Tips for Making Almond Miso Oatmeal Cookies
1. Use white miso
There are many types of miso, depending on how long the fermentation process, the type of grain, and the proportions of the ingredients, the flavor can be sweet or salty, mild or pungent. Start just by looking at the color of the miso, which is a good indicator of how strong it will be.
White miso (shiro, in Japanese) is mild and slightly sweet. In general, white miso has less salt and more koji (mold). Meanwhile, red miso has deeper flavor. It contains more salt, which allows for longer fermentation times which results in development of complex, umami-rich flavor with a bit of funk.
I recommend using white miso for Miso Almond Oatmeal Cookies since it is the most mild kind of miso with slightly sweet taste. Meanwhile, a longer fermented miso is also generally saltier than white miso and has a more assertive, pungent flavor.
2. Do not add too much miso
Miso paste is high in salt, so plain miso tastes extremely salty. If you have seen my previous Miso Soup recipe, a tablespoon of miso is enough for making about a cup of soup. Hence, the ratio of miso paste and cookie dough is pretty crucial for this recipe. Do not forget to spoon and level the miso paste, because the added miso will create saltier cookies.
3. Cream the butter and sugar
It is really important to use cold butter because cold butter has ability to hold air. When creaming the butter, miso, and sugar together, you are using the sugar to incorporate air pockets into the butter, which will make your cookies light and crisp. Beat them for about 3 minutes until lighter and fluffier.
3. Choose your oats
You can actually choose different type of oatmeal for this recipe. There are three main types of oatmeal to choose from: rolled oats, quick cooking oats, and instant oats. Rolled oats are less processed than quick oats, thus retaining more nutrients. When you make oatmeal cookies with rolled oat, the whole oats are clearly visible in the cookies and the cookies’ texture is slightly chewy. Quick cooking oats are rolled oats that have been broken down into smaller pieces and enables them to cook more quickly. They have a slightly finer texture and cookies that are made with this type of oats tend to look prettier because they give a baked good a very uniform texture. Lastly, instant oats are much finer than quick cooking oats and it is simply need hot water added. They tend to absorb more moisture and can alter the texture of the cookies.
Rolled oats and quick cooking oats are great for oatmeal cookies. This time, I used rolled oats because that was what I had in my pantry for the moment.
4. Shape the dough using ice cream scoop
Using ice cream scoop to shape the dough is an easy and quick way to make sure your cookies come out the same size.

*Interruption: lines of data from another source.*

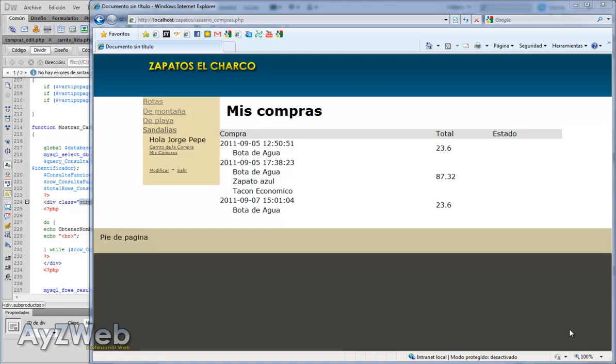Hello and welcome to chapter 31 of the video tutorial how to set up an online shop with Dreamweaver and PHP.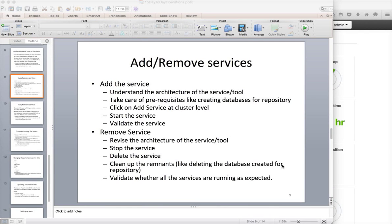Hello friends, this is Durga again from TechnologyMental slash ITVersity, and in this video we will see how to add or remove services from Hadoop. I will start with a brief introduction.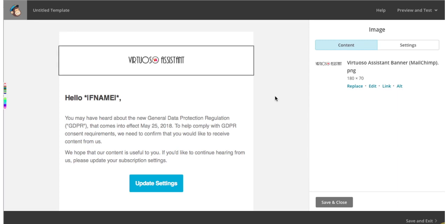You might want to include a short paragraph underneath to say that you will remove subscribers from your list if you don't hear from them within a certain amount of days. There are only a few weeks left until the 25th of May, so you'll need to do this before then in any event.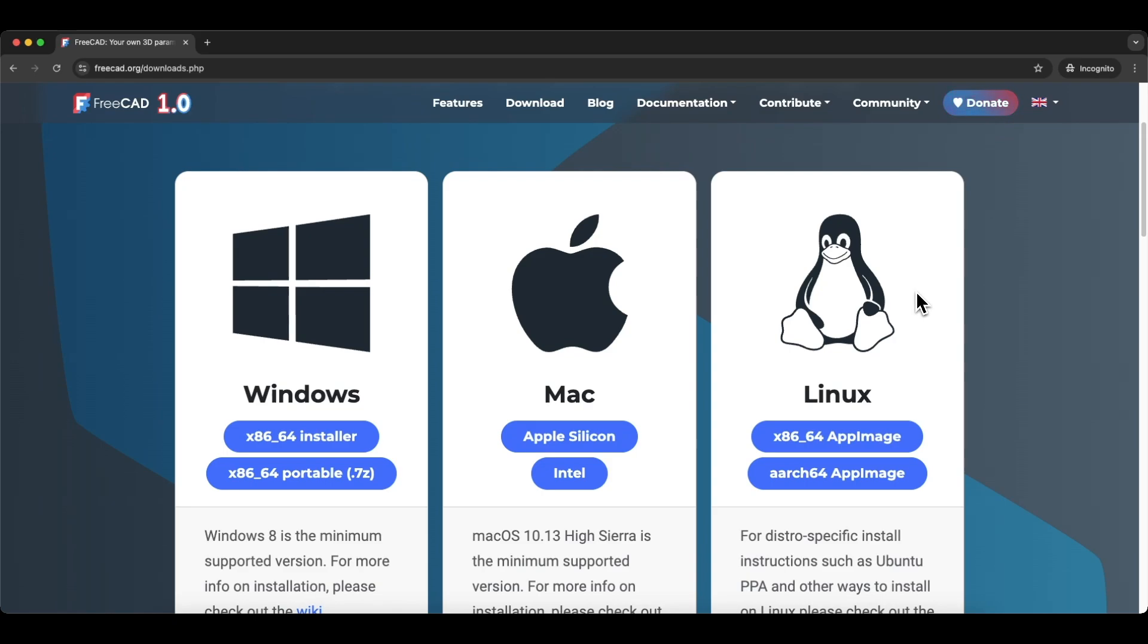You don't have to register anywhere, you don't have to provide your data. You simply install FreeCAD and you can start creating your own 3D models.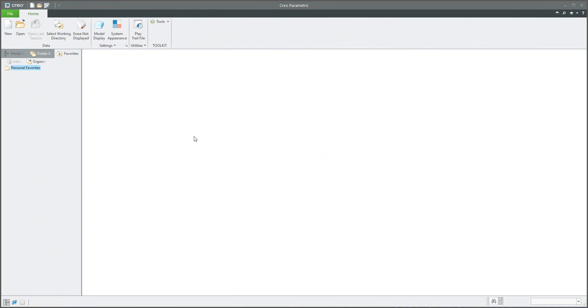And it's necessary to restart Creo. So I will start Creo one more time. The system will read the search profile and config profile once again, and then after a while it will be possible to open the plane from the folder.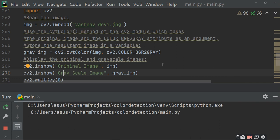This is the 10th type of image processing covered in this series. If you want to learn more, please share and subscribe.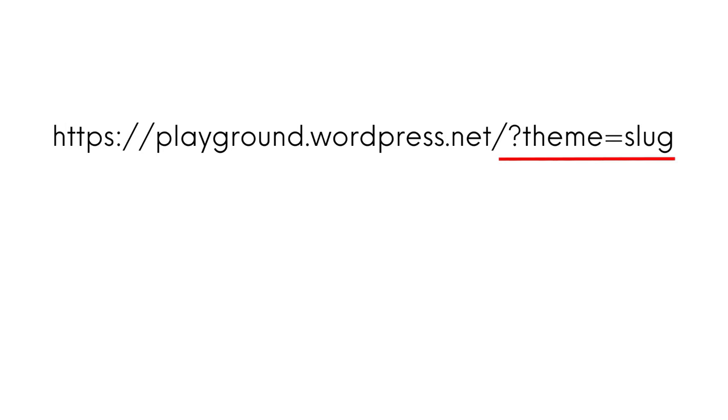If you add question mark theme equals sign followed by the theme slug which is the last part of the theme's wordpress.org URL it will automatically install and activate the theme to playground ready for you to test.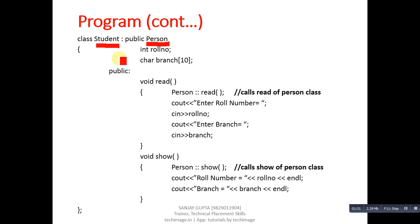Roll number and branch are two attributes of the Student class. In the public section, the read function is defined.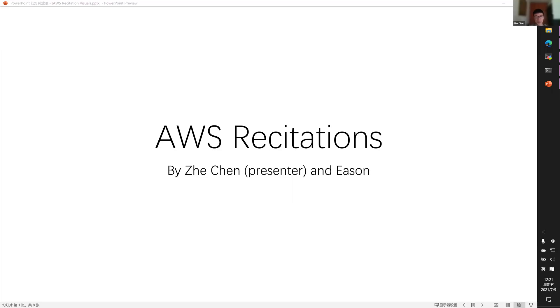Hello everyone. Welcome to AWS recitations. I'm Joel. In this series of recitations, we're going to show you how you can use AWS to train your models for the Homework Part 2s.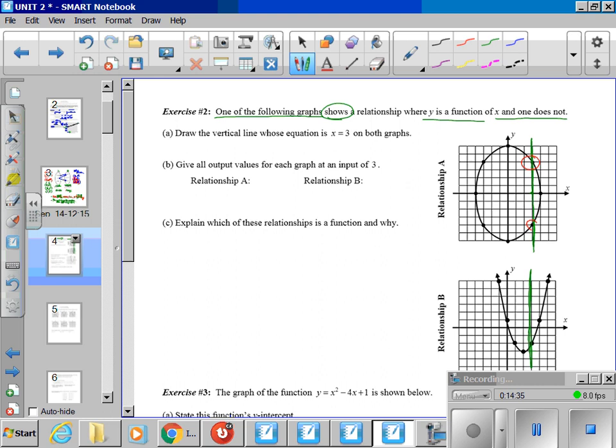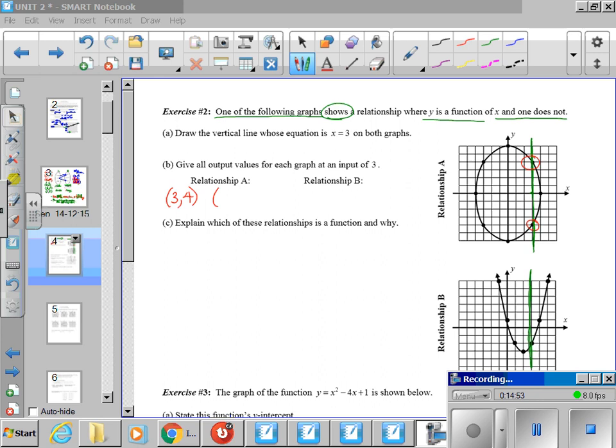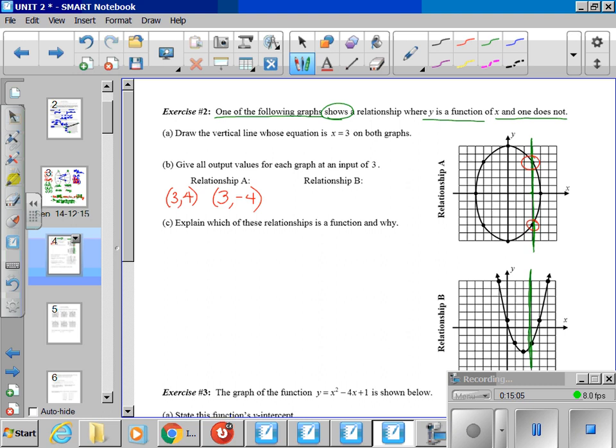Part B says give all output values for each graph at an input of 3. So you're asking yourself where does it actually hit the function or the relationship. In relationship A, I have the point (3, 4). But I also have a second point that also has an x value of 3, and that's (3, -4). If we take a look then at relationship B, we only have one point down here, which is (3, -2). So explain which of these relationships is a function and why. Take a minute and try and come up with a solution or an explanation there.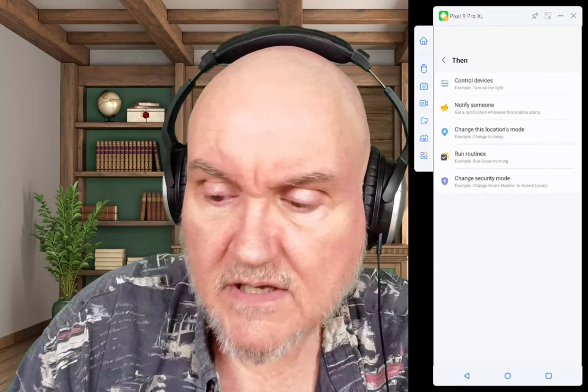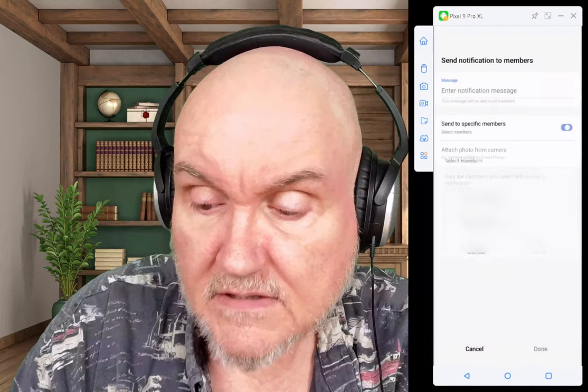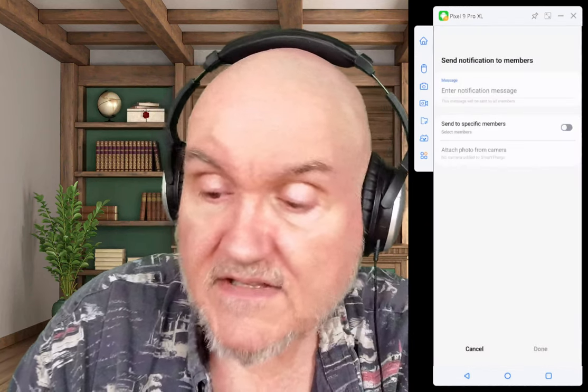Now we can control devices, change the location's mode, run other routines, or notify someone. We can send notifications to specific members, and as you can see, we can also attach a photo from a camera when sending a notification.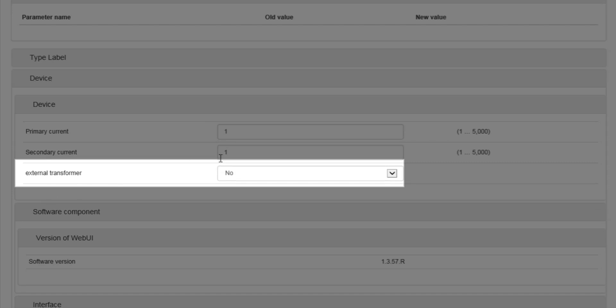On the external transformer, change the value to yes.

Don’t roll the cookie dough with your hands as the heat from your body temperature will melt the butter and make the cookies spread when baking. If you roll the cookie dough with your hands, chill the cookie dough in the refrigerator for about 30 minutes before baking.
Almond Miso Oatmeal Cookies
These Almond Miso Oatmeal Cookies come out crunchy on the outside and chewy on the inside, with salty and nutty flavor addition from white miso paste.

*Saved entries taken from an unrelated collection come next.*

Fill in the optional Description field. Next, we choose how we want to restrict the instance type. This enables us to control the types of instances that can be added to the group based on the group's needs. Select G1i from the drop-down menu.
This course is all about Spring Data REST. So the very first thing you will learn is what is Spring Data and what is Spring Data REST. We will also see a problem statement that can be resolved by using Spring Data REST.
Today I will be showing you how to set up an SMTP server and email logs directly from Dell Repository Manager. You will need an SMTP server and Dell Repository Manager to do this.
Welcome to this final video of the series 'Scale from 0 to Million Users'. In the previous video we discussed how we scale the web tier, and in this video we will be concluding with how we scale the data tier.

- 1 cup unsalted butter (225 gr) softened
- 1/4 cup white miso
- 1 cup granulated sugar (200 gr)
- 1 cup brown sugar (200 gr)
- 2 eggs room temperature
- 1 tsp vanilla extract
- 2 cups all purpose flour (240 gr)
- 1 tsp baking soda
- 3 cups rolled oats (270 gr)
- 1 cup almond slices (110 gr)
Preheat oven to 375 F/190°C. Prepare 2 baking sheets and grease or line them with parchment papers or baking mats.
In big bowl, cream butter, miso, granulated sugar, and brown sugar until incorporated. Beat in eggs one at a time, then stir in vanilla.
In different bowl, combine all purpose flour and baking soda. Stir in the dry ingredient into the wet ingredient. With a spatula, stir in the oats and almond slices until incorporated.
With ice cream scoop (about 2 tablespoons), drop the dough on prepared baking sheets, leaving 2 inches apart.
Bake for 10-15 minutes or until golden brown. Allow cookies to cool on baking sheets for 5 minutes before transferring to a wire rack to cool completely.